Le raisonnement de la Cour d'appel est tout de même très surprenant : parce que Pétain n'a pas été condamné pour crime contre l'humanité, celui qui cherche à exonérer Pétain ne pourrait être poursuivi pour négation de crime contre l'humanité.
La cassation est prononcée sur ce fondement, et l'analyse juridique le laissait prévoir. On observe d'abord que, désormais, le crime contre l'humanité est une infraction figurant dans le code pénal, dans les articles 211-1 et suivants. Dans l'arrêt Barbie du 20 décembre 1985, la Cour de cassation définissait déjà le crime contre l'humanité comme "les actes inhumains et les persécutions qui, au nom d'un État pratiquant une politique d'hégémonie idéologique, ont été commis de façon systématique (..) contre le personnes en raison de leur appartenant à une collectivité raciale ou religieuse (...)". L'arrêt Papon du 23 janvier 1997 précise ensuite que le droit n'exige pas que le complice de crime contre l'humanité ait adhéré à la politique d'hégémonie des auteurs principaux, ni qu'il ait appartenu à une organisation déclarée criminelle par le tribunal de Nuremberg. Enfin, dans un arrêt du 24 mars 2020 rendu à propos de la Rafle du Vél d'Hiv., la Cour admet des poursuites pour des propos tenus à l'égard de personnes ayant participé à la mise en oeuvre d'un crime contre l'humanité, sans en être les organisateurs ou les instigateurs. Cette dernière décision s'inscrit dans une jurisprudence sanctionnant la "minoration outrancière" des exactions commises, et c'est exactement l'action à laquelle se livre Éric Zemmour.

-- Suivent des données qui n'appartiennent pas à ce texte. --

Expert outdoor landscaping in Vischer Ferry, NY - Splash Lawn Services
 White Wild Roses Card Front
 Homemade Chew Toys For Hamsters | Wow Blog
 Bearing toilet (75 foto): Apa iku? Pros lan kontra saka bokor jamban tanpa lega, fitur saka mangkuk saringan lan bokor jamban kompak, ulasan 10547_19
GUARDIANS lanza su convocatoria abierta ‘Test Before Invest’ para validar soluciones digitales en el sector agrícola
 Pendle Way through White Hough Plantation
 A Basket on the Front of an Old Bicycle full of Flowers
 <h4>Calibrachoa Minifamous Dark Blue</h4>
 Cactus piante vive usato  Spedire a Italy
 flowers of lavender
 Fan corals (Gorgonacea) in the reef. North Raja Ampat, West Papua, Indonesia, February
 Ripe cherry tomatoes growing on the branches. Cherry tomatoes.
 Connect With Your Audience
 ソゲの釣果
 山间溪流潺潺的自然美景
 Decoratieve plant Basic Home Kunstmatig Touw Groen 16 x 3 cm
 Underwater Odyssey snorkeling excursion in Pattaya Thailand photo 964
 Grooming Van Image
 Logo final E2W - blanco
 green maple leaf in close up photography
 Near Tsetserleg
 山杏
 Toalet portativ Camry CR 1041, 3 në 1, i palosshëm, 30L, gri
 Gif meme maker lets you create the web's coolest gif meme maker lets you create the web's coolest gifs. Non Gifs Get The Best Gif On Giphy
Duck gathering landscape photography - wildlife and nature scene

De l'état du droit, la Cour de cassation déduit qu'il importe peu que le maréchal Pétain n'ait pas été condamné pour crime contre l'humanité, dès lors, qu'au regard du droit aujourd'hui applicable, il s'est rendu coupable de complicité d'un tel crime. Prononcer une relaxe sur ce fondement reviendrait en effet à exonérer les auteurs de contestation de crime contre l'humanité. Il suffirait de se référer à Pétain et non pas aux condamnés de Nuremberg pour développer un discours négationniste, et l'infraction serait vidée de sa substance.